3.3. Low-Parameter Network for Basketball Target Tracking

In order to reduce the amount of model parameters and improve the tracking accuracy of the algorithm, this paper combines asymmetric convolution and triple loss function and proposes a low-parameter deep learning-based basketball target tracking algorithm.

3.3.1. Overall Framework

When the asymmetric convolution module is used, the parameter quantity of the model can be reduced and the tracking speed of the model can be improved, but the tracking accuracy of the model cannot be improved. When using the triple loss function for training, the tracking accuracy of the algorithm can be effectively improved, but it has no effect on the reduction of the model size. Therefore, this paper proposes a low-parameter deep learning-based target tracking algorithm. Based on the target tracking algorithm based on the asymmetric convolution module, the model is trained with a triplet loss function instead of the logistic loss function. While reducing the amount of model parameters, the tracking accuracy of the algorithm is improved. This model is called ACM-ITL in this work.
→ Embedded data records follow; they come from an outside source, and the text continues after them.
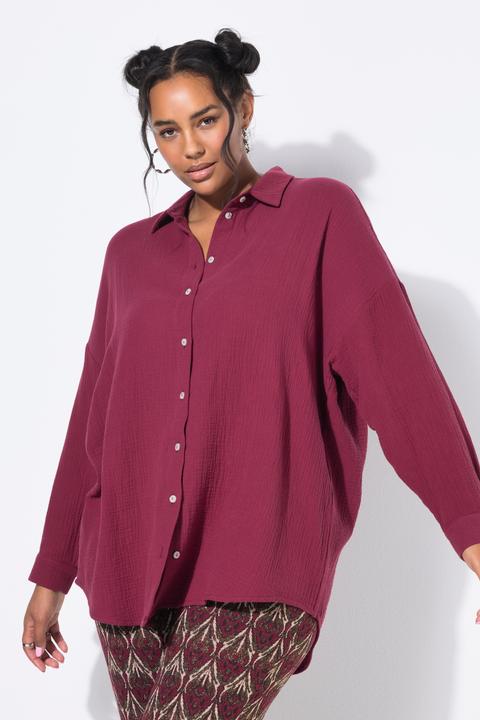 Produktbild Studio Untold Musselin Bluse, oversized, Hemdkragen, Langarm (42, 44)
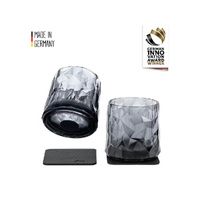 Komplet szklanek plastikowych z magnesem Silwy Tumbler Grey
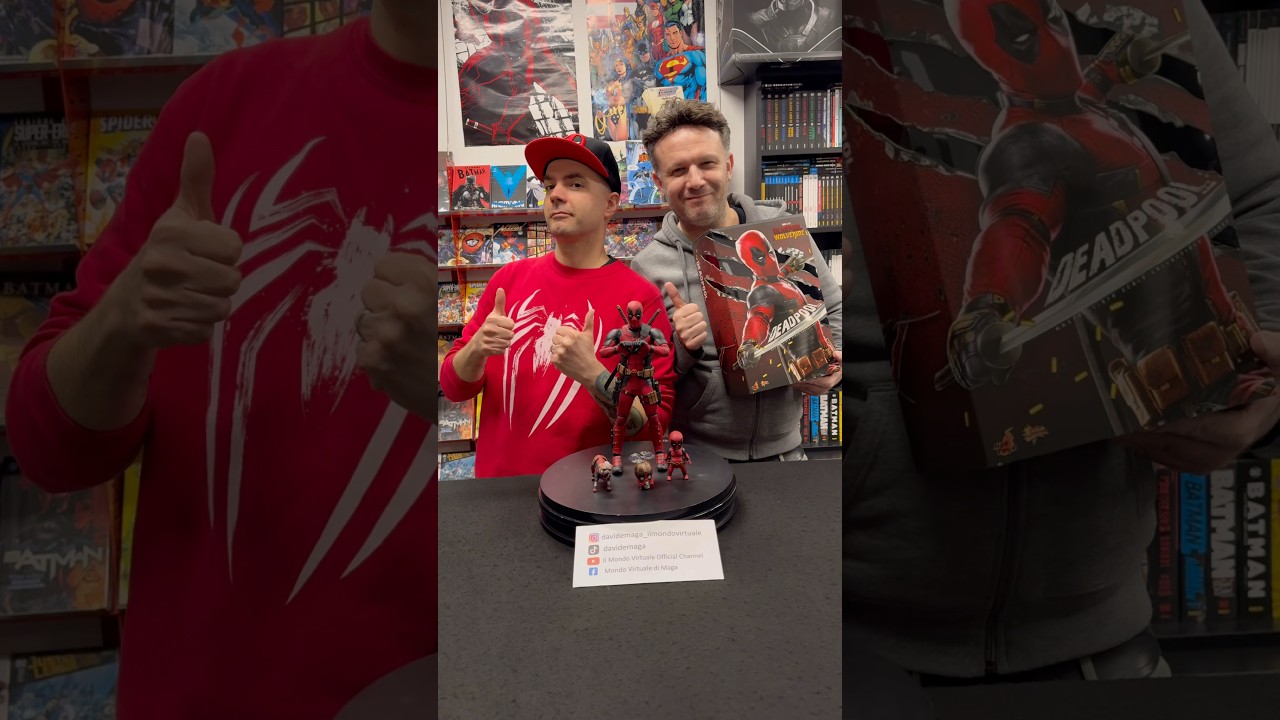 Unboxing Deadpool Hot Toys - Deadpool & Wolverine #iosonounvirtuale #deadpool #hottoys #marvel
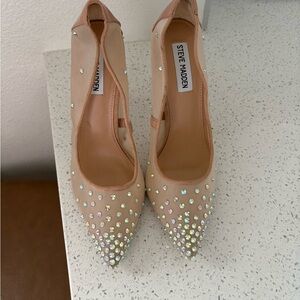 Never worn Steve Madden Tan Embellished Women's Shoes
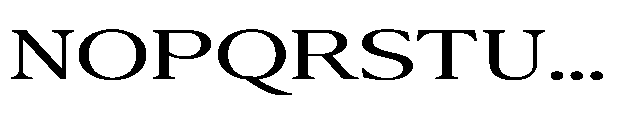 Confirm Serif Medium Expanded Font UPPERCASE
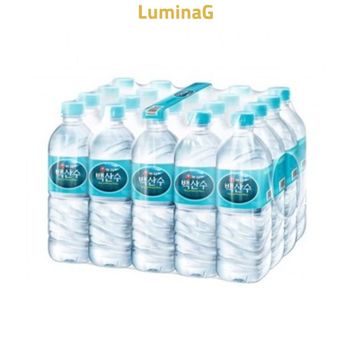 백산수 생수 500ml 20개 묶음배송 먹는샘물 실용 보관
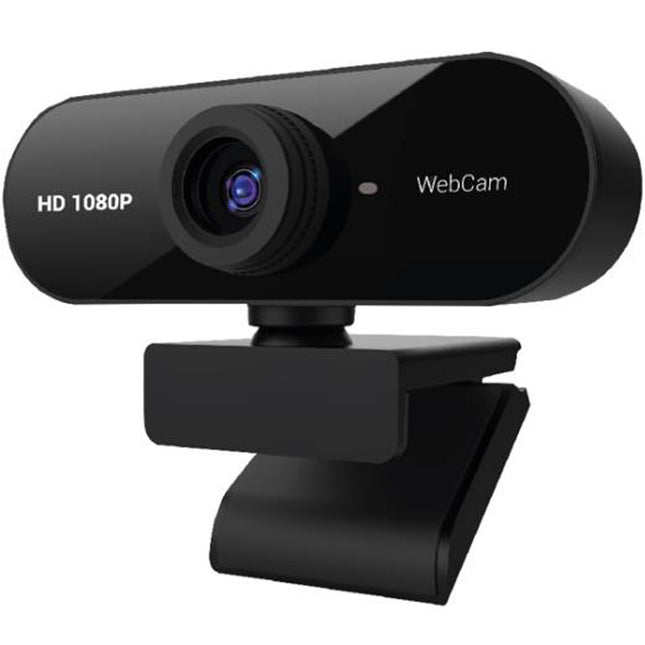 1080p Webcam with Built-In Microphone, USB Connection
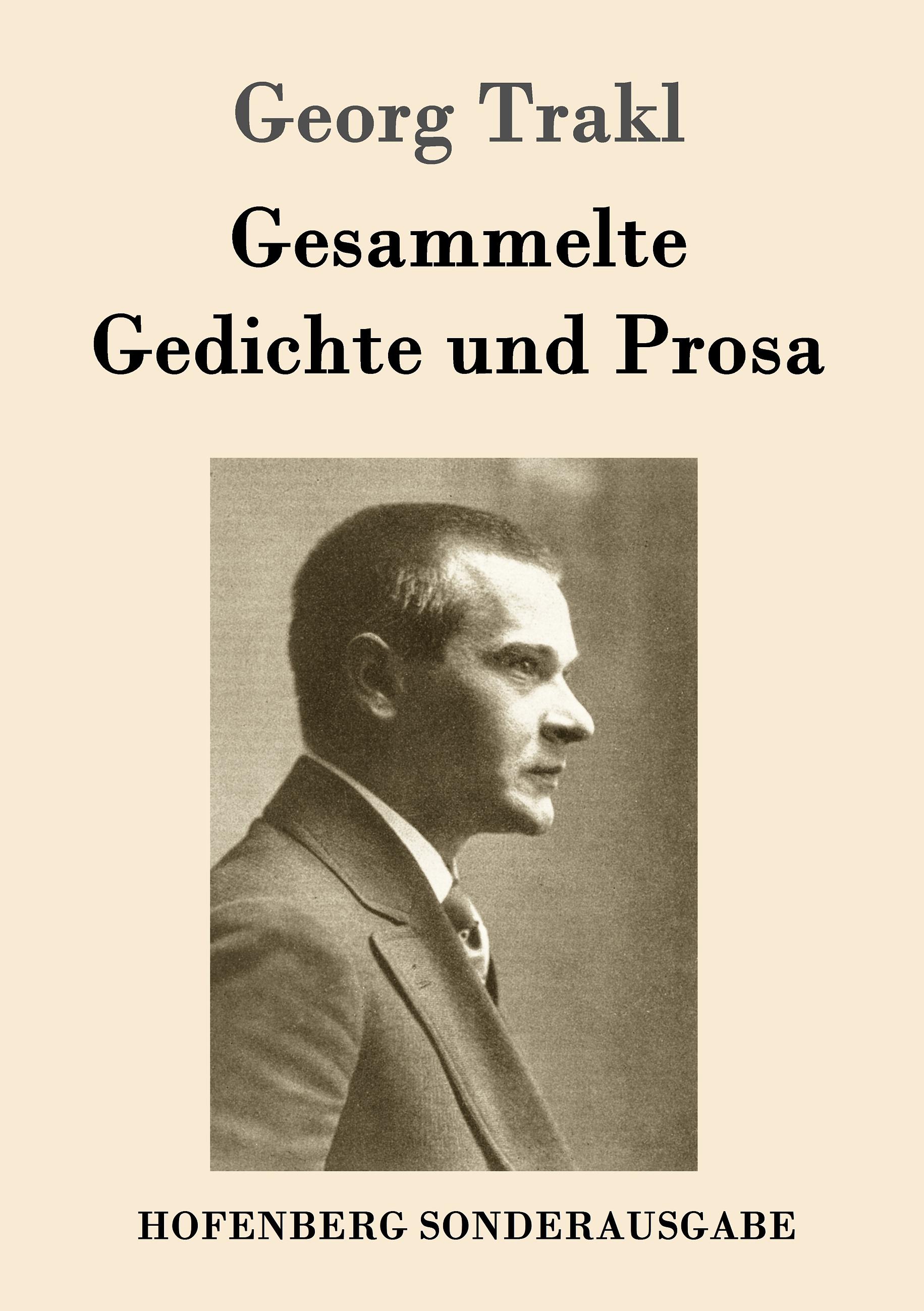 Vorderes Coverbild Gesammelte Gedichte und Prosa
The overall frame diagram is illustrated in Figure 4.

As shown in the figure, the algorithm in this paper adds a triple loss function to the target tracking algorithm based on the asymmetric convolution module for training.

3.3.2. Detailed Network Structure

The network structure of the tracking model in this paper is shown in Figure 5. The entire network structure is stacked using asymmetric convolutional modules. The input image first goes through a convolutional layer and then a pooling layer, which is downsampled by the pooling layer. The pooling layer is followed by three stacked asymmetric convolution modules, which extract features and reduce the parameters of the model through asymmetric convolution modules. Then, downsampling is performed again through the pooling layer, and feature extraction is performed again through three asymmetric convolution modules. Finally, the outputs of the two branches are convolved to obtain the final feature score map, and finally the triplet loss function is used for training as shown in Figure 5.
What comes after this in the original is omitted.